The distributed approach provides enhanced reliability through redundancy, with individual nodes maintaining operation during network interruptions while coordinating when connectivity is available. This architecture is particularly valuable for large-scale commercial operations where single-point failures could compromise entire production systems.

CPU-optimized training protocol

Complementing the memory enhancements, the training protocol is comprehensively redesigned for the computational characteristics of CPU-based edge devices, such as the ARM Cortex-A72 processors common in aquaculture deployments. These optimizations ensure efficient learning within the constraints of limited cache hierarchies and memory bandwidth.
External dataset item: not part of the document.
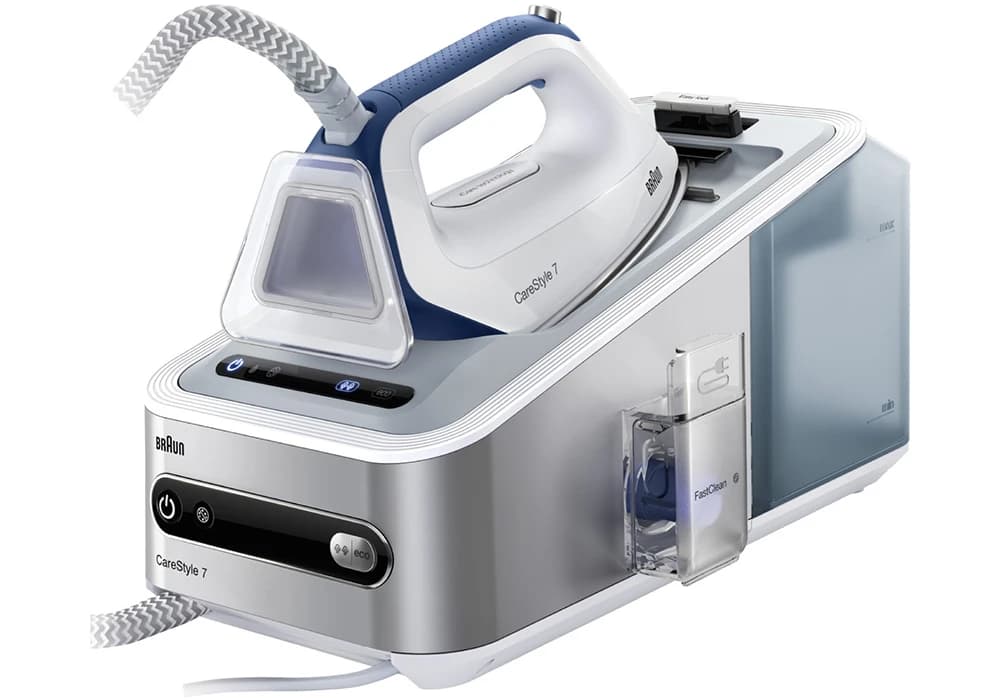 Centrale Vapeur Carestyle Compact Pro Bleu Braun (IS7143WH) - Image 1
The key strategies employed include:

• Batch size optimization: Training batch sizes are strategically reduced from 256 to 32 samples to align with the limited memory bandwidth and cache capacity of ARM processors. This smaller batch size minimizes cache misses and enables more frequent gradient updates without creating computational bottlenecks.

• Accelerated convergence mechanisms: The soft update rate for the target networks is increased (τ from 0.001 to 0.005) to accelerate policy convergence. This modification compensates for the reduced effective learning rate resulting from smaller batch sizes and ensures that learning progresses efficiently despite the computational constraints.
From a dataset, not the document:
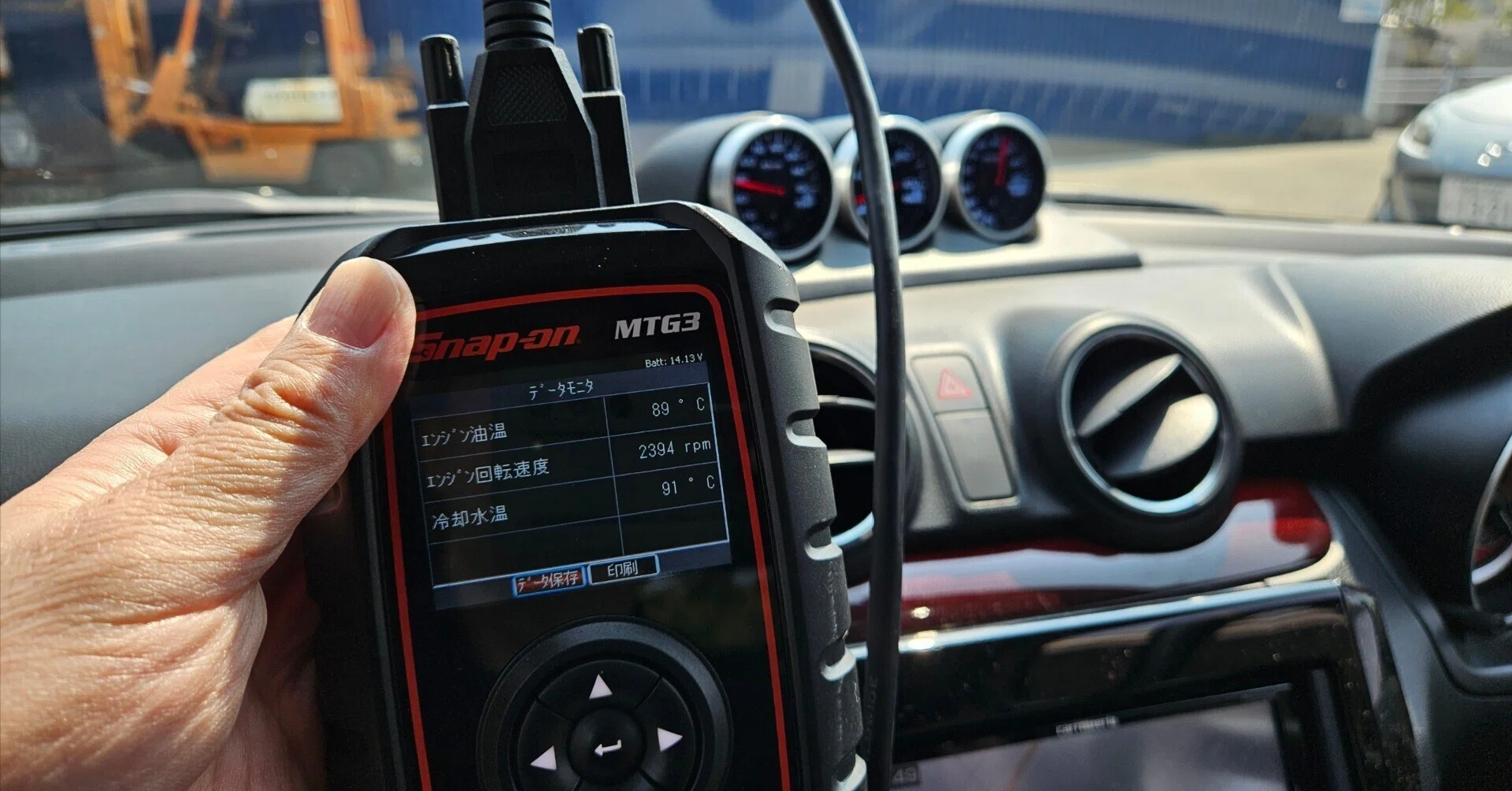ZC33S スイフトスポーツに後付けの水温メーターを装着する際の注意点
• Gradient accumulation strategies: The implementation uses accumulated gradients across several mini-batches to simulate the stabilizing effects of a larger effective batch size while respecting the hardware’s memory limitations. This technique preserves the statistical benefits of large-batch training by distributing the computational load into smaller operations that fit within the device’s available memory and cache.

The CPU-optimized update step, designed for ARM processors using techniques like gradient accumulation, is detailed in Algorithm 3 and Fig. 3.

Algorithm 3

CPU-optimized training for ARM processors

Fig. 3

Edge computing optimization pipeline: (a) Memory-efficient replay buffer organization with compressed storage, (b) CPU-optimized training protocol flow, (c) Real-time inference pipeline with performance monitoring.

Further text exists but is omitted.